Squires was trembling, he was so mad. He roared, “You’re not telling the cops nothin’, asshole! How you gonna talk to anybody after I snap your damn head off and use it to feed my gator?”
His gator? It was an unexpected thing to hear, but it told me something.
I was gauging the man’s size and his balance. He was about sixfive, six-six, probably two-eighty, but weight-room muscle is among the most common cloaks of male insecurity. To test his balance, I rolled my left arm free of his grip. At the same time, I gave him a push with the fingers of my right hand. It wasn’t an obvious push. It was more of a blocking gesture, but he didn’t handle it well.
Clumsy people have a difficult time with simultaneous hand movements, and this guy was clumsy. The little push turned his entire body a few wobbly degrees to the left. It was all the opening I needed, but I didn’t take it.
Now was not the time for a brawl. Besides, Tomlinson and I needed this guy’s cooperation if we were going to save the injured man. The illegals who lived in the park weren’t going to risk helping us—not if their blustering bully of a landlord disapproved. And I couldn’t blame them. They had to live here. I didn’t.
I squared my body to Squires’s, and said, “This is my last try to be reasonable. We’ve got an injured man and we intend to help him. Get out of our way and behave like an adult.”
That’s all it took. Squires screamed at me, “Or you’ll do what?” and he jammed the light toward my face again.
I had no choice, I ducked under the light and then drop-stepped beneath the landlord’s extended right arm. From the sound of surprise he made, the move was the equivalent of a disappearing act. Where had I gone?

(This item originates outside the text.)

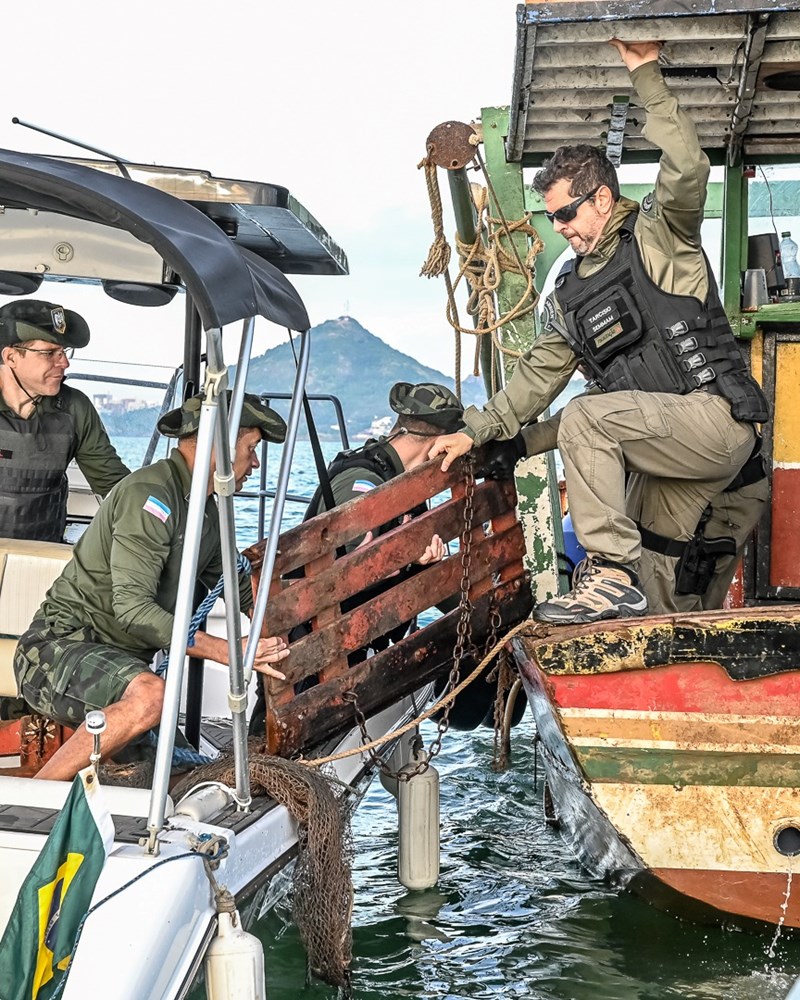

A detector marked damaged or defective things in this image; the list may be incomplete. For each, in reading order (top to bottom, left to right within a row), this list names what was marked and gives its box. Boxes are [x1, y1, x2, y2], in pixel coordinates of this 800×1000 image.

I had disappeared behind him, that’s where. Years ago, in an overheated wrestling room, I had practiced hand control and simple duck unders day after day, week after week, year after year. I had practiced the craft of grappling so relentlessly that I had pleased even our relentless perfectionist of a coach, a man named Gary Fries. Fries was a wrestling giant, all five feet seven inches of him, and he would not tolerate mediocrity.